A spokeswoman at Conyers' office tells Insight that the congressman has not resigned from the AFFD board but may do so if the press regards his affiliation with AFFD as partisan. "We still believe that AFFD is doing a good job," the spokeswoman tells Insight.
Randall Robinson, president of TransAfrica Forum, a lobbying firm he founded in 1977, also sits on the board of AFFD. He lobbied effectively for Clinton to authorize the 1994 intervention known as "Operation Restore Democracy" and went on a hunger strike on behalf of Aristide. (Robinson's loyalty to the Clinton/Gore team appears to have diminished this year, however, as he agreed in early June to cochair the steering committee for Ralph Nader's presidential campaign.)
Aristide was a radical, unfrocked Roman Catholic priest who rose to prominence in Haiti in the late 1980s and was elected to the presidency there in a violent and wildly demagogic campaign in 1990. As early as 1986 he was calling the United States "the great Satan." By September 1991 he was encouraging a crowd of supporters to use the "necklace" against political opponents, a means of torture-murder in which a tire is tied around the neck of a victim, filled with diesel oil and ignited. And Rep. Ben Gilman, chairman of the House International Relations Committee, says the Clinton/Gore administration has been aware for at least five years that death squads have been operating in Haiti under the direction of top Aristide security aides.

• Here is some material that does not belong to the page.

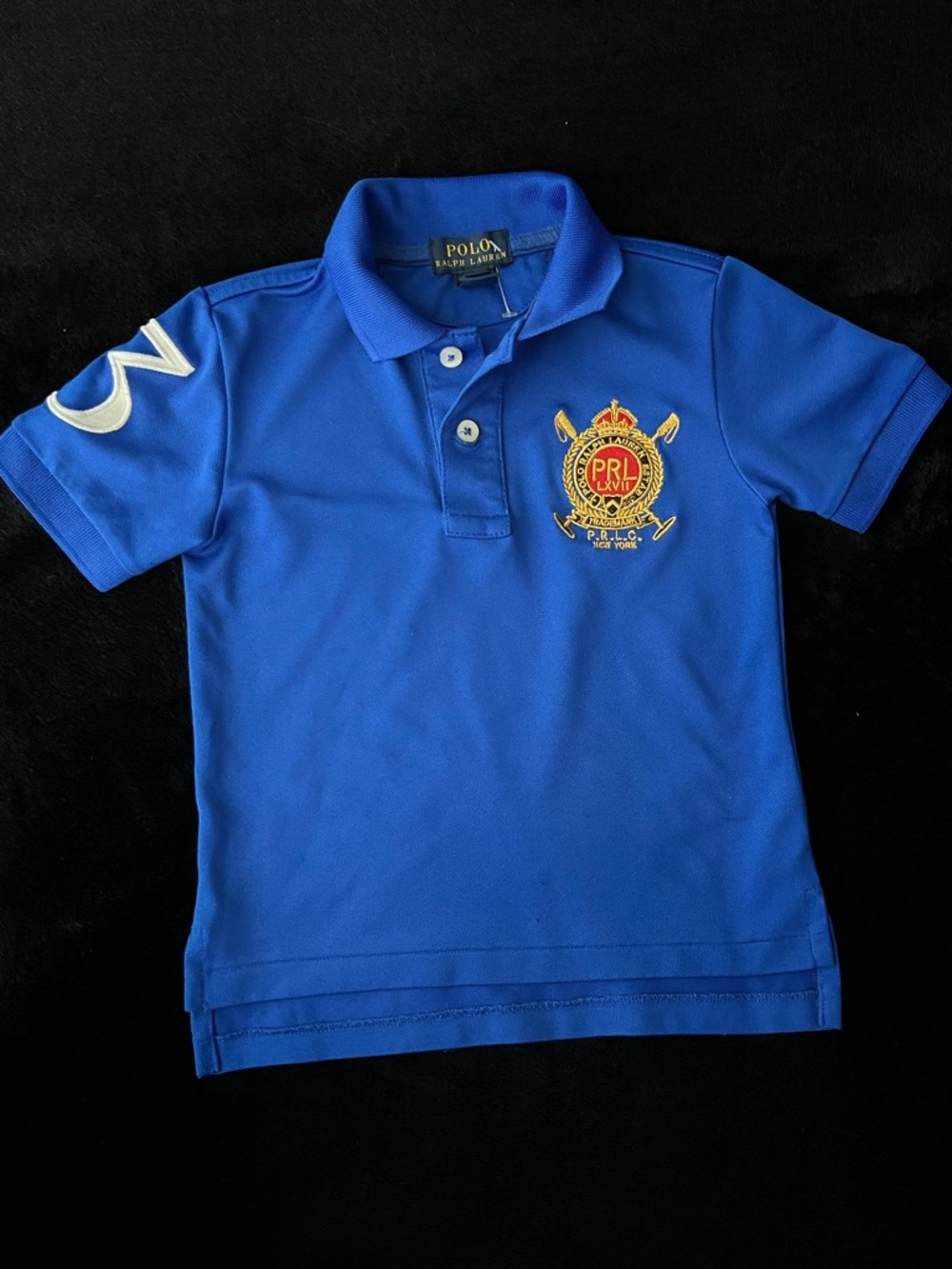 Polo by Ralph Lauren Royal Blue Embroidered Crest Polo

But despite the fact that this sort of thing has remained the modus operandi of Aristide and his Lavalas Party, observers in the United States somehow had high hopes that the rule of law would be established in Haiti after the May parliamentary elections drew the highest voter turnout in years. Democratic Reps. Conyers and Bill Delahunt of Massachusetts declared the elections a success, but photos and testimony of dumped ballot boxes soon made their way to the American press and the OAS declared the elections fraudulent. Even Clinton was embarrassed.
Under Haitian electoral law, a candidate must garner 50 percent plus one vote to win the first round of voting. Otherwise, the top two finishers meet in a runoff election the next month. "The U.S. is asking the government of Haiti to complete the vote count according to the constitution and electoral law," a State Department spokesman told Insight in June. But few observers saw the electoral situation as anything but hopeless.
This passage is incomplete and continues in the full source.